• _What is expected_
Among the lines below, restate word for word only those from the line with "this 952×1270 image." through the line with "this 250×188 image.", with both end lines kept.

• _Supplied records_

··········

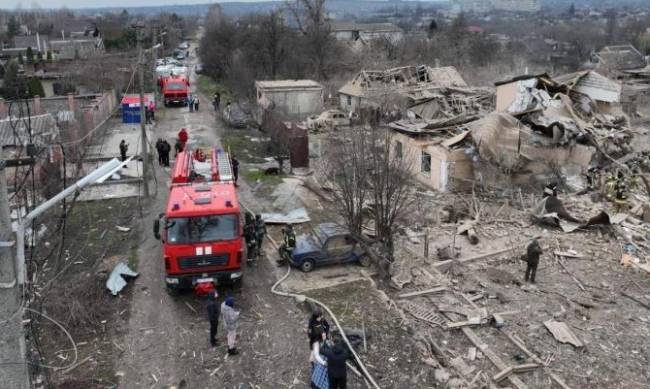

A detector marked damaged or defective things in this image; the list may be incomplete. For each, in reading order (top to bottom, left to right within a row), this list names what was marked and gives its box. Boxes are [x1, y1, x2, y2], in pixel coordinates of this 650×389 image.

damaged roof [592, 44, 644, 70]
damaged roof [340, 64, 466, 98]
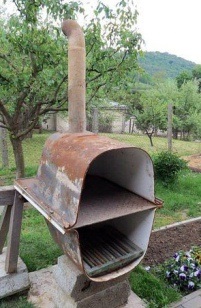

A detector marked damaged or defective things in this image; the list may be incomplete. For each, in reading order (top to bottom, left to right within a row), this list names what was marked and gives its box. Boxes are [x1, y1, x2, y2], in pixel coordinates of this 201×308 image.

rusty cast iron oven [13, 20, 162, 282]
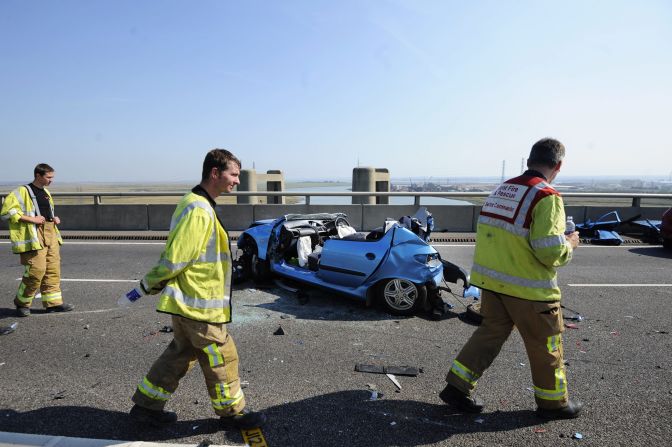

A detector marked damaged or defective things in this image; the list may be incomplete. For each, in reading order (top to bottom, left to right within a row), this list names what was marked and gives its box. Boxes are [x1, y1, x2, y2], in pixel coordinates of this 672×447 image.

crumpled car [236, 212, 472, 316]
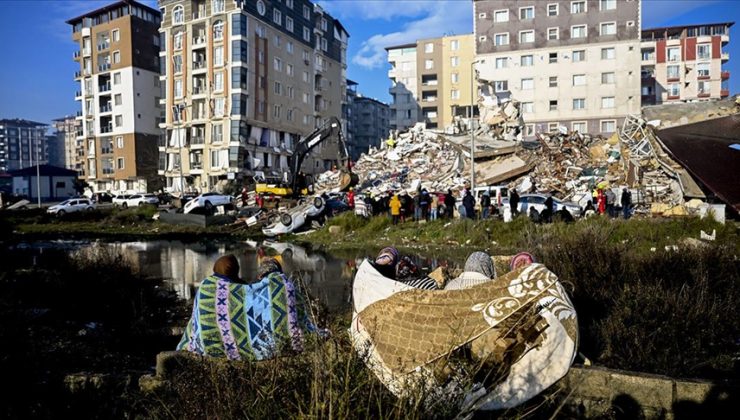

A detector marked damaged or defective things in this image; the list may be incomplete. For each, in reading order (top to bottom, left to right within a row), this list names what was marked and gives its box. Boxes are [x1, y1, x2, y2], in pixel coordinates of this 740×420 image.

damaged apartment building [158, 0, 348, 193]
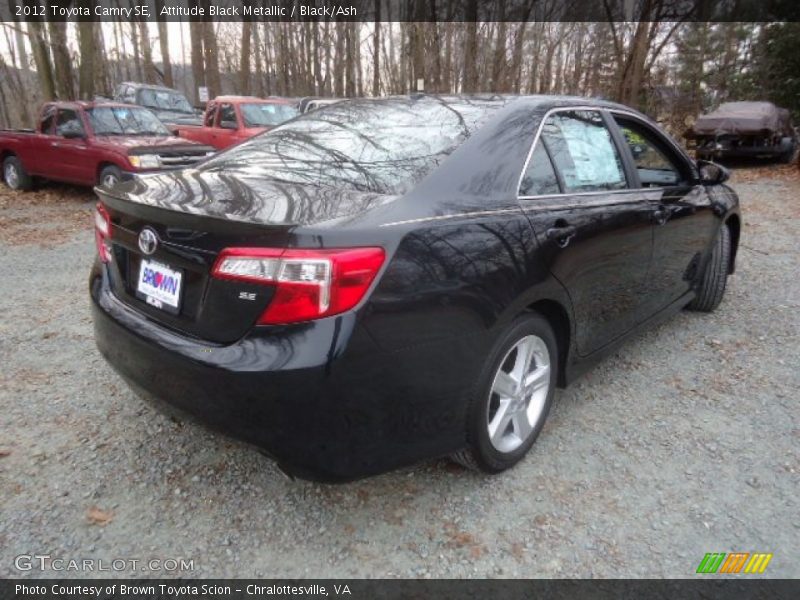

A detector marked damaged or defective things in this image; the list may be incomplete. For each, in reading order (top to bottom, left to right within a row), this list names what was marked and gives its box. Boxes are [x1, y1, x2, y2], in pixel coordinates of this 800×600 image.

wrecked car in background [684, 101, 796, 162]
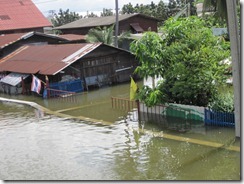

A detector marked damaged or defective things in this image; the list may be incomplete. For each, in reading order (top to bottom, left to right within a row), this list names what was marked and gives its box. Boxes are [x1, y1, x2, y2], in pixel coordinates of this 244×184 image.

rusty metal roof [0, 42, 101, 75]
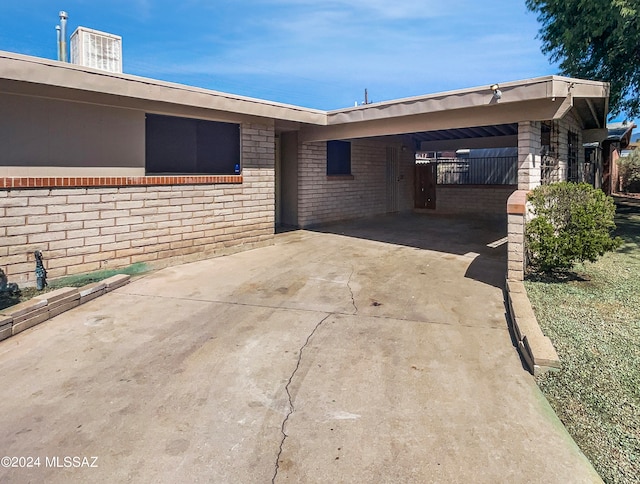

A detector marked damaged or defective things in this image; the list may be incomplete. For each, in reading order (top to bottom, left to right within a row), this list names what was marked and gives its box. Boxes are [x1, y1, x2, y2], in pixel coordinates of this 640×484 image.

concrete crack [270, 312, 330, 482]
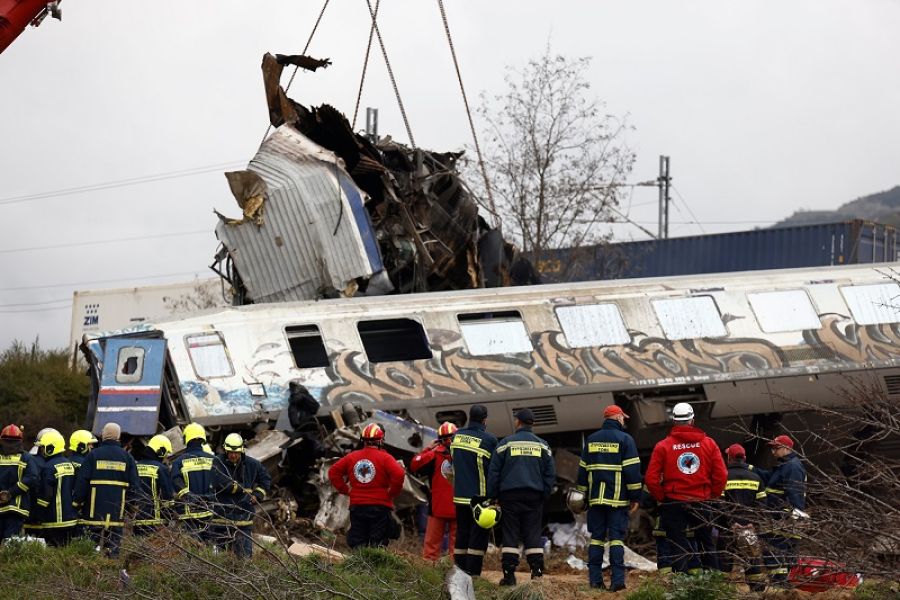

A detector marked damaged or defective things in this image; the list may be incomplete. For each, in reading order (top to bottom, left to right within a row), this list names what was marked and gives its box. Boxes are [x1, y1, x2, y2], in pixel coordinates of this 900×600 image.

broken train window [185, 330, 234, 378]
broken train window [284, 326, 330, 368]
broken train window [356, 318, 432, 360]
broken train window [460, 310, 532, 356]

··········

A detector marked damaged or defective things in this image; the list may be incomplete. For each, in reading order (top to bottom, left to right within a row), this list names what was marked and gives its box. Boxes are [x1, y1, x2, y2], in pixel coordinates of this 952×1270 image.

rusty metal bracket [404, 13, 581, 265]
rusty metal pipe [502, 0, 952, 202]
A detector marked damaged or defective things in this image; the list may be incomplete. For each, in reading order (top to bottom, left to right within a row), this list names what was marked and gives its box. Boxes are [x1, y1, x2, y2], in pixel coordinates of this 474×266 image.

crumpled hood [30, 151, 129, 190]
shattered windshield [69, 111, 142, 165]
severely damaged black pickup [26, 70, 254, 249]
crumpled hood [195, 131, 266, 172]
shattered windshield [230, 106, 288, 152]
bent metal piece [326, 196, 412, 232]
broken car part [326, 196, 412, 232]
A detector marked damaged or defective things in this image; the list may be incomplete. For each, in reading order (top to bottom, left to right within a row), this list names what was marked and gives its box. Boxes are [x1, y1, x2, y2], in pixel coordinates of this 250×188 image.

··········

• _Result_
A detector marked damaged or defective things in this image; the list may be incomplete. For each, in reading order (top to bottom, left to right within a row), this list names what was marked and gives its box. Boxes are [x1, y1, x2, y2], in pixel coordinates of this 952×1270 image.

rusty metal bracket [404, 13, 581, 265]
rusty metal pipe [502, 0, 952, 202]
A detector marked damaged or defective things in this image; the list may be incomplete. For each, in reading order (top to bottom, left to right within a row), this list names what was marked and gives its box. Boxes are [x1, y1, x2, y2], in pixel coordinates of this 474×266 image.

crumpled hood [30, 151, 129, 190]
shattered windshield [69, 111, 142, 165]
severely damaged black pickup [26, 70, 254, 249]
crumpled hood [195, 131, 266, 172]
shattered windshield [230, 106, 288, 152]
bent metal piece [326, 196, 412, 232]
broken car part [326, 196, 412, 232]
A detector marked damaged or defective things in this image; the list may be incomplete. For each, in reading order (top to bottom, left to right within a row), this list names what was marked and gives its box. Boxes are [x1, y1, x2, y2], in pixel coordinates of this 250×188 image.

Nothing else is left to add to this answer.